WASHINGTON (Reuters) – U.S. homebuilding fell in March as the construction of single-family homes in the Midwest recorded its biggest decline in three years, likely reflecting bad weather.
Housing starts declined 6.8 percent to a seasonally adjusted annual rate of 1.22 million units, the Commerce
Department said on Tuesday. February’s starts were revised up to a 1.30 million-unit pace from the previously reported 1.29 million-rate.
Economists polled by Reuters had forecast groundbreaking activity falling to a 1.25 million-unit pace last month. Homebuilding was up 9.2 percent compared to March 2016.
Construction in February was boosted by unseasonably warm temperatures. But temperatures dropped in March and a storm lashed the Northeast and Midwest regions, which could have accounted for the drop last month in homebuilding.

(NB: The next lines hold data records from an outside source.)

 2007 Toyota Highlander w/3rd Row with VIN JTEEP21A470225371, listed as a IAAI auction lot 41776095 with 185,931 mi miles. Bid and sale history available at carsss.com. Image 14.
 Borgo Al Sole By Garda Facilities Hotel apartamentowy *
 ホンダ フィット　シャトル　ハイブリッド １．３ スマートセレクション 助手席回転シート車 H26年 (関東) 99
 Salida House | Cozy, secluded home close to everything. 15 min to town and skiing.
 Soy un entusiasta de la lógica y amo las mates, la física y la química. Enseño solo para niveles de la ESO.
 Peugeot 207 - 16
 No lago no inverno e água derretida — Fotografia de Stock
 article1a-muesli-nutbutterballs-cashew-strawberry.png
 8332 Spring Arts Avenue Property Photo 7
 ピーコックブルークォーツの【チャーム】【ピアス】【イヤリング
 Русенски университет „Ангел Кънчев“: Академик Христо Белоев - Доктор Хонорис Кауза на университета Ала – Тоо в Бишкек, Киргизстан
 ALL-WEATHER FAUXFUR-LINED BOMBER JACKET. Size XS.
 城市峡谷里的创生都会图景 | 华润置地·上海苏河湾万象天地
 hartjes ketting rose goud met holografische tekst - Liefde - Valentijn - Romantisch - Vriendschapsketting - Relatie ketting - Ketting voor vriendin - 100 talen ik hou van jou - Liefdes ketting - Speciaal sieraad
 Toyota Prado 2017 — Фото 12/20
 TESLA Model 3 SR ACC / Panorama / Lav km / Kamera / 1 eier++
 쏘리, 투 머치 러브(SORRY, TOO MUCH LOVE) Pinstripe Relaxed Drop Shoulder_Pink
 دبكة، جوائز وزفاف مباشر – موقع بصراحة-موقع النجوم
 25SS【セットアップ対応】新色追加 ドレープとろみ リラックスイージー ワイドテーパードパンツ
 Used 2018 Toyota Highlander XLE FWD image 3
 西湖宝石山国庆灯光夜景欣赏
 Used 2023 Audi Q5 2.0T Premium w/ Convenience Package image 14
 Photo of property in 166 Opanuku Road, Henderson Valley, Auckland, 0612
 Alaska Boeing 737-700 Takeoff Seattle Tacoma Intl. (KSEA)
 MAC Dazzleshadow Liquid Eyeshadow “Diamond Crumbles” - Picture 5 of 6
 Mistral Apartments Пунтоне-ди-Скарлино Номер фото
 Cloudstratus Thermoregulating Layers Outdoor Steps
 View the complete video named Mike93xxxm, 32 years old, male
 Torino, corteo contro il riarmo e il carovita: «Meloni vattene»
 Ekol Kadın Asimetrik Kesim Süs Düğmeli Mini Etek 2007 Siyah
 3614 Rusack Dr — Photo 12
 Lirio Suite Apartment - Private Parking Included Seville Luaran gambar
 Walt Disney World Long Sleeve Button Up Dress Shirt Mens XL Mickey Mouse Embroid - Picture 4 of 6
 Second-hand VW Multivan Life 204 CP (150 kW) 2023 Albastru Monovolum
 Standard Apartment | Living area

Single-family homebuilding, which accounts for the largest share of the residential housing market, fell 6.2 percent to a 821,000 unit-pace last month. Single-family starts in the Midwest declined 35 percent, the largest drop since January 2014, to their lowest level since August 2015.
Single-family starts in the Northeast were unchanged. They rose 3.2 percent in the South, but fell 5.5 percent in the West.
Last month, starts for the volatile multi-family housing segment dropped 7.9 percent to a 394,000 unit-pace.
Pointing to underlying strength in the housing market, building permits increased 3.6 percent, driven by a 13.8 percent surge in the multi-family segment.
While single-family permits fell 1.1 percent, they were not too far from the more than nine-year high reached in February.
A tightening labor market, which is generating steady wage growth is underpinning the housing market. The sector, however, remains constrained by a dearth of properties available for sale.
Builders have, however, failed to bridge the gap, citing a range of problems including shortages of labor and land as well as rising material prices. A survey on Monday showed homebuilders confidence slipped in April from a near 12-year high in March. Still, measures of current sales and sales expectations remained at lofty levels.